All of the data below should come back exactly as written, minus its images.

──────────

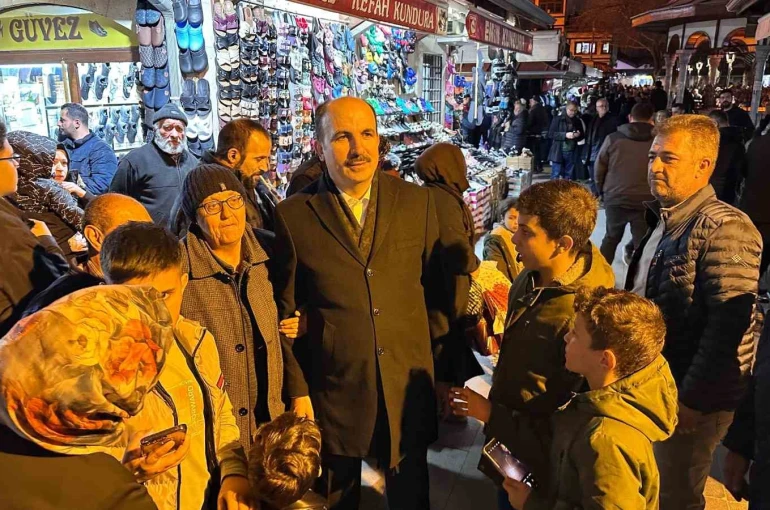 Başkan Altay: "Ramazan’ı çok verimli bir şekilde geçirdik"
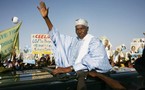 Meeting à Mbour: Wade pas satisfait des résultats du 1er tour, zappe ses leaders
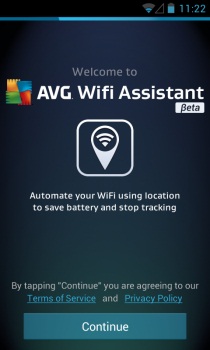 AVG Wifi Assistant ��� Android ������������� �������� Wi-Fi �� ���� ������ ������� �� ������� �����
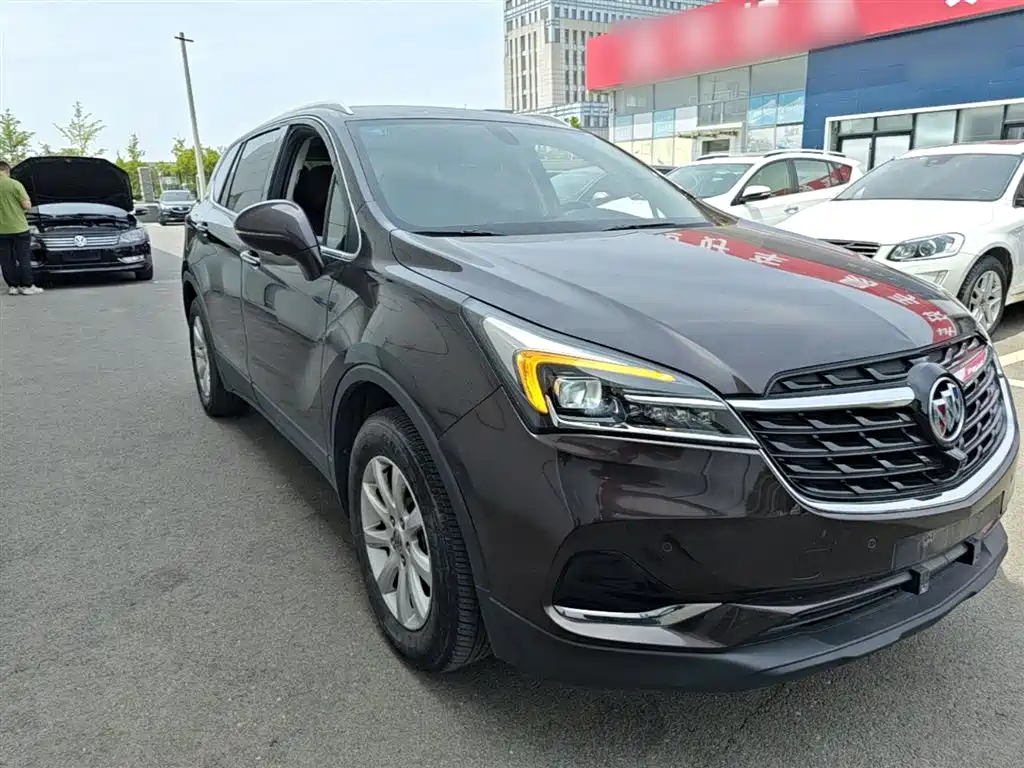 Buick Envision Plus 2020 — фото 4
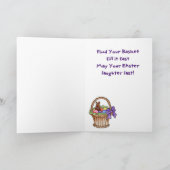 Ostern-Spaß - Karte (Innenseite)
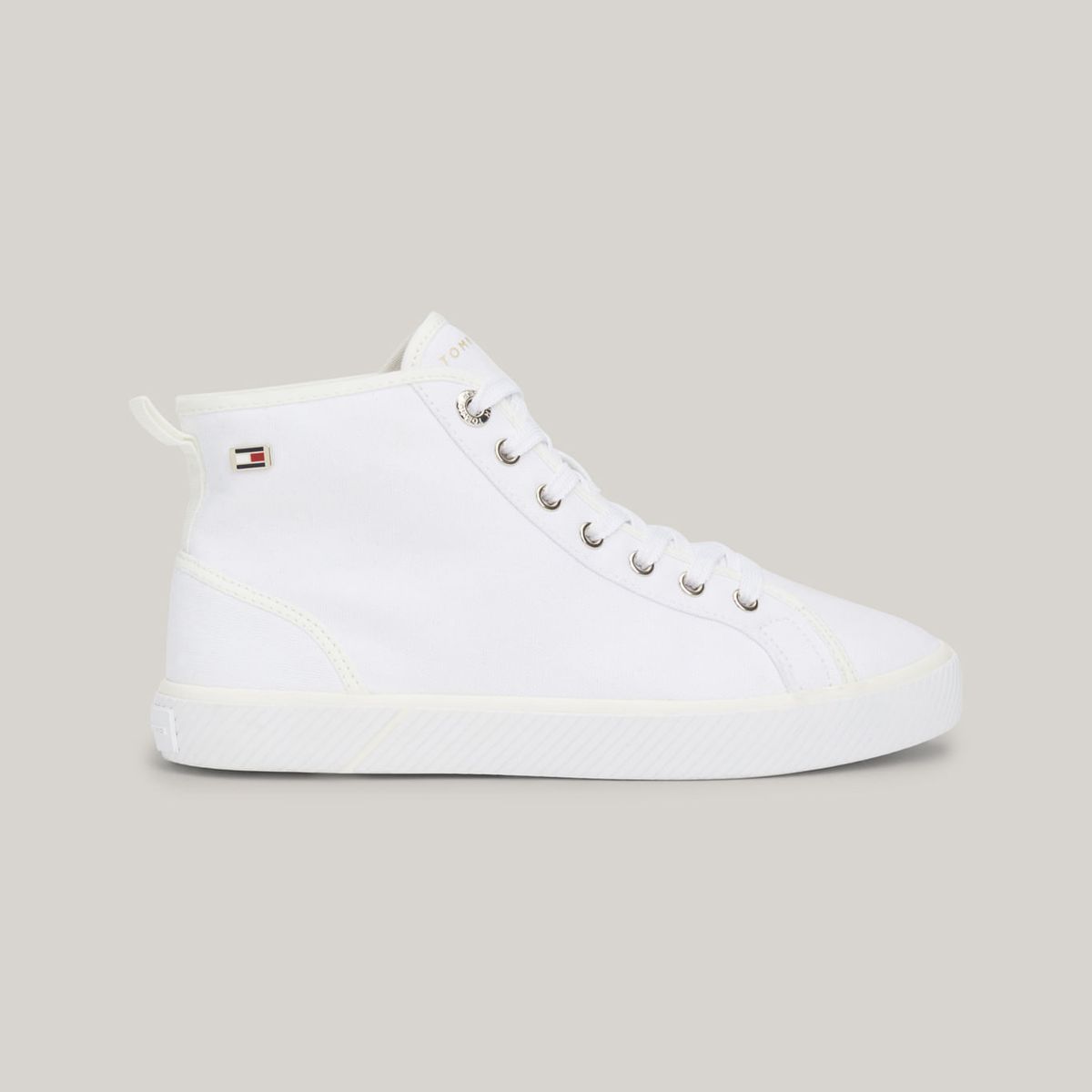 TOMMY HILFIGER - BOTIN VULC CANVAS SNEAKER HI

──────────

**RESULT FOR THIS EXERCISE**:
 Başkan Altay: "Ramazan’ı çok verimli bir şekilde geçirdik"
 Meeting à Mbour: Wade pas satisfait des résultats du 1er tour, zappe ses leaders
 AVG Wifi Assistant ��� Android ������������� �������� Wi-Fi �� ���� ������ ������� �� ������� �����
 Buick Envision Plus 2020 — фото 4
 Ostern-Spaß - Karte (Innenseite)
 TOMMY HILFIGER - BOTIN VULC CANVAS SNEAKER HI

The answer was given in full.